"He was most effective picking apart the three reporters whose recollections contradict Libby's. He suggested that Tim Russert had the faulty memory. The host of Meet the Press says he didn't tell Libby about Wilson's wife because he didn't know about her status as a CIA employee, but Wells argued that Russert may have been in a position to have known. David Gregory, the NBC White House reporter who works with Russert, had been told by White House spokesman Ari Fleischer that Wilson's wife worked at the CIA. Wells argued that Gregory or his colleague Andrea Mitchell, who also claimed to know, would have passed this information on to Russert before he had his conversation with Libby.
"Wells pointed out that Matt Cooper, my former Time colleague, had extensive notes about his interview with Karl Rove, who passed along the information about Wilson's wife, but had no record of Libby's secondary role in confirming that information. To discredit Judith Miller, Wells relied on the former New York Times reporter's own testimony, in which she repeatedly referred to her bad memory, tendency to conflate events, and fuzziness about details."
The question looming over this for journalists is how their testimony will affect their credibility as reporters. One could argue that Judith Miller's credibility as a journalist was toast long before the indictment came down. What is most disconcerting, especially if you were one of her editors at the New York Times is this statement: "Wells relied on the former New York Times reporter's own testimony, in which she repeatedly referred to her bad memory, tendency to conflate events, and fuzziness about details."
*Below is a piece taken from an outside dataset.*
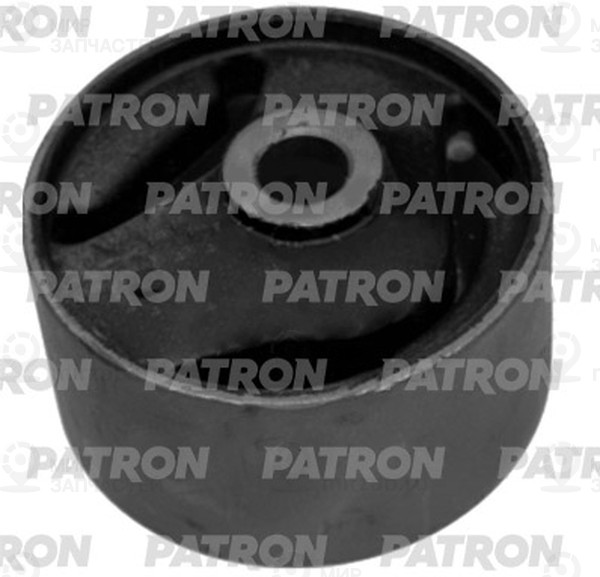 Запчасть PATRON PSE13585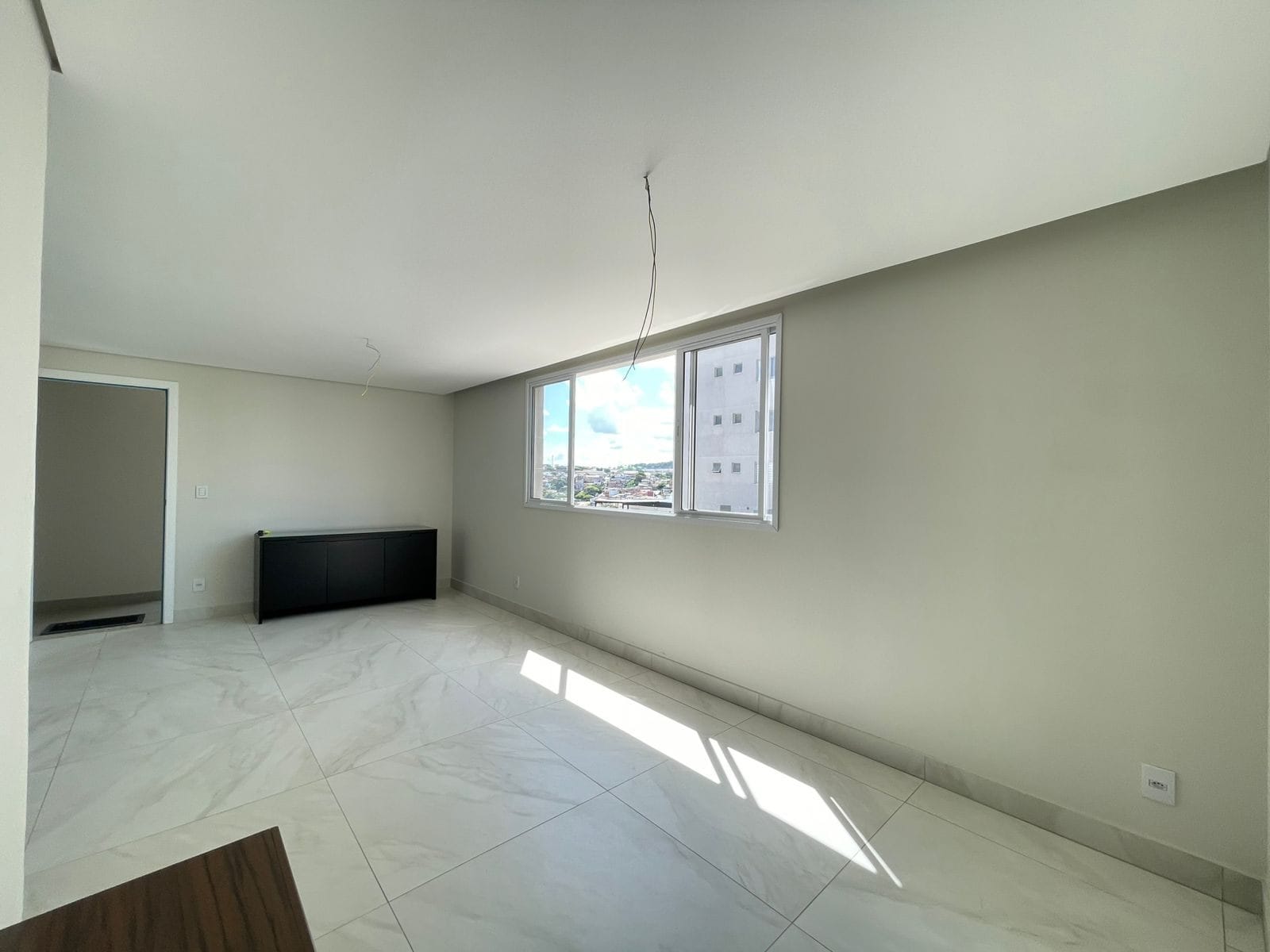 Apartamento, 3 quartos, 74 m² - Foto 1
On another note, one of Libby's boyhood chums penned this piece for Salon. It's a bit gushing and well-timed to make him seem more human, more vulnerable. At one point, author Nick Bromell likens Libby and the tragedy he now faces to that of Isabel Archer in Henry James' "Portrait of a Lady."
But it was hard not to pause at this remark:
"Always the model student without a single demerit to blot his report card, he suddenly finds himself an accused felon. While the men who benefited from his desire to serve them are still at their desks and phones across the Potomac River, Scooter is looking in the mirror, knotting his tie, and preparing himself for another day in court. It's understandable that he would regard himself as a victim of his superiors. He is one. But it's also telling that the villain his lawyers point toward is Karl Rove, not the master himself, Dick Cheney. Betrayed or not, Scooter's loyalty endures."